Children have to listen a lot. Their teachers, parents, coaches, older siblings and pretty much everyone else get to tell them what to do, and for the most part, they must listen. This often leads children to feel as though their voices and opinions are unimportant. A good way to assure they know they are being heard is to let them guide what is being discussed. If you bring a topic up yourself, allow your child to respond first while you hold your comments, and then ask if you can respond. Make them the "adult," so you can listen and learn.

Be sure to maintain eye contact, respond to them nonverbally so they know you’re listening, and keep your phone away

Be a good conversation model

Your child will respond to how you conduct yourself. Watch your voice level, tone and body language. If you start pointing, yelling, and using sarcasm, expect them to, as well. Consider yourself a mirror — whatever you do, expect to see. Like us adults, children have the ability to read into responses and nonverbal communication. During my talks with my mother, she showed me how to disagree appropriately, how to stay calm when hearing difficult things, and how to share things that are difficult. Kids learn from our actions, and often our actions become theirs.

Talk about neutral issues

I want to stress that not every conversation has to be about emotions, feelings, or relationships. Speaking sometimes about lighter topics, like movies, sports, or any of your child's interests, can help both child and adult get comfortable with the process of talking to one another. This is how my mother kept up-to-date with the things I liked. She told me that knowing the “kid stuff” I liked provided her a nonthreatening opening into what would become a much deeper conversation. Sometimes you need to get the ball rolling with some small talk.
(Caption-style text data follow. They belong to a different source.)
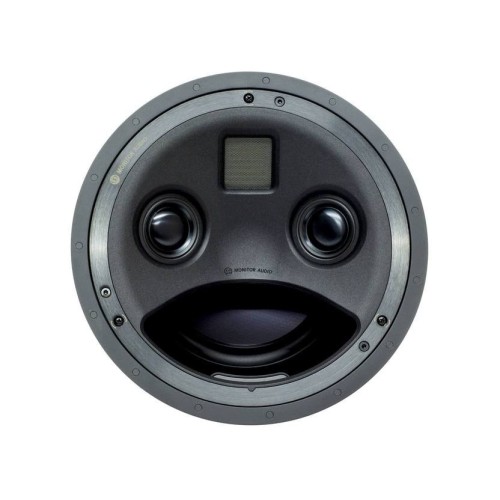 MONITOR AUDIO    PLIC II LUBINĖ GARSO KOLONĖLĖ REKOMENDUOJAMA STIPRINTUVO GALIA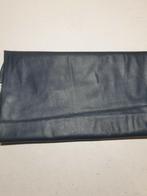 Skai blauw stretch (135)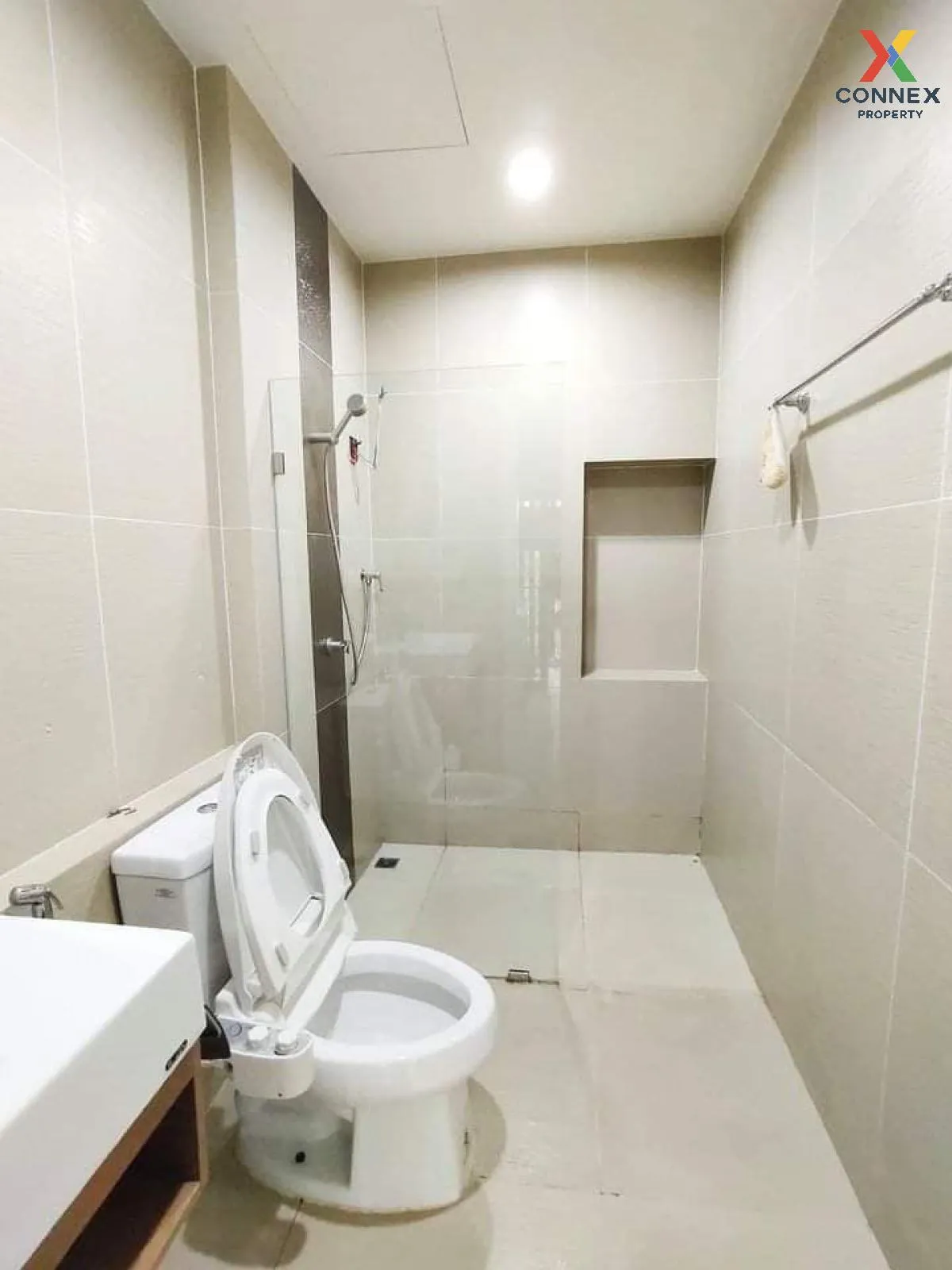 For Sale Condo , Happy Condo Ladprao 101 , Khlong Chan , Bang Kap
I hope these tips helped. For many of you, this is probably elementary, but I hope they can serve as a good reminder. Giving children a voice and putting aside “what we know about our kids” can help us learn even more about them while assuring that they feel supported. As busy adults, we do not always have to time to immediately attend to the issues children bring up at dinner, in the car, or on the fly. These tips help ensure that your child’s social and emotional needs are given the proper attention while providing you the privilege of learning who your child is becoming on an even deeper level.